第9話 迫り来る闇


 あれから一週間が経過した。


 ルナの件は実際どうなるかと思ったが、正式あの契約は破棄され、彼女の家庭は平穏を取り戻したらしい。


 そして現在、俺はルナの両親に挨拶をするために彼女の生まれ故郷の村に向かっている。


 俺は気にしなくていいと言ったが、ルナだけではなく彼女の両親もどうしても直接会ってお礼がしたいとのことらしい。


 無碍むげにするのも悪いので、俺はそれを承諾して今に至る。


「すみません。父がまだ満足に動けなくて」

「いや、構わない。それにこうして王国の外に出るのも、悪くはない」


 王国はかなり栄えているが、こうして少し離れてみると案外俺が元いた場所に近い風景が広がっていた。


 草木に満ち溢れ、空からは太陽の光が降り注ぐ。


 どの世界でもあって、この光景に変わりはないのだな。


「そういえば、契約は破棄されたらしいが、あの魔術契約というものは絶対的な効力があるのか?」

「はい。あれは絶対遵守の契約です。互いに了承すれば、契約は絶対に履行されます」

「呪いに近いものか」


 それほど強い拘束力があるのは、もはや呪いに等しい。


 呪術などは俺の世界にもあってが、限りなく近いものだな。


「そうですね。
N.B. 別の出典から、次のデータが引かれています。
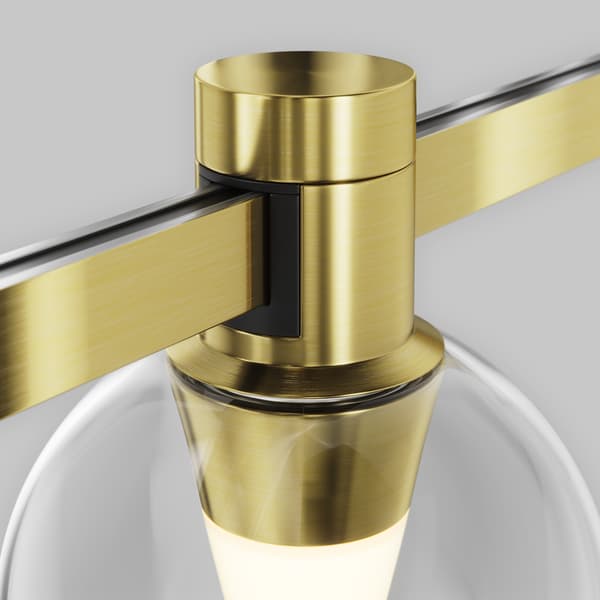 Magnetisk spårlampa mässing glaskula LED 3W 2700K BUBBLE Maytoni Technical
呪いは一方的にかけることができますけどね」

「なるほどな」


 そんな話をしているうちに、俺たちは村にたどり着いた。


 王国ほど賑わっているわけではないが、それなりに人はいる。それにどこか活気付いているような感じだ。


 俺はこののどかな雰囲気が好きだった。


「アヤメさん。私の家はこちらです」

「あぁ」


 ルナの後をついていくと、大きめの家がそこにはあった。


 ここがルナの実家か。思ったよりも広いな。


「ただいまーっ! お父さん、お母さん! 帰ってきたよーっ!」

「失礼する」


 ルナが大きな声を発すると、室内からは母君と思われる人物が現れた。


「ルナ、おかえりなさい!」

「ただいま!」

「えっと……こちらの方が」


 母君は俺のことを不思議そうに見つめていた。


「アヤメだ。ルナには世話になっている」

「あなたがアヤメさんですか。この度は本当にありがとうございました」


 母君は深く丁寧に頭を下げて感謝を述べた。


「気にすることはない。当然のことをしたまで」

「なんて謙虚なお方なんでしょう。それにしてもルナってば、もしかして……?」


 彼女は俺とルナの顔を交互に見つめる。


「ちょ、ちょっとまだそんなんじゃないから!」

「?」


 そのやりとりの意味が俺には分らなかった。


 そして室内に通されると、痩せ細っている父君の姿が見えた。けれど、顔色は決して悪くはない。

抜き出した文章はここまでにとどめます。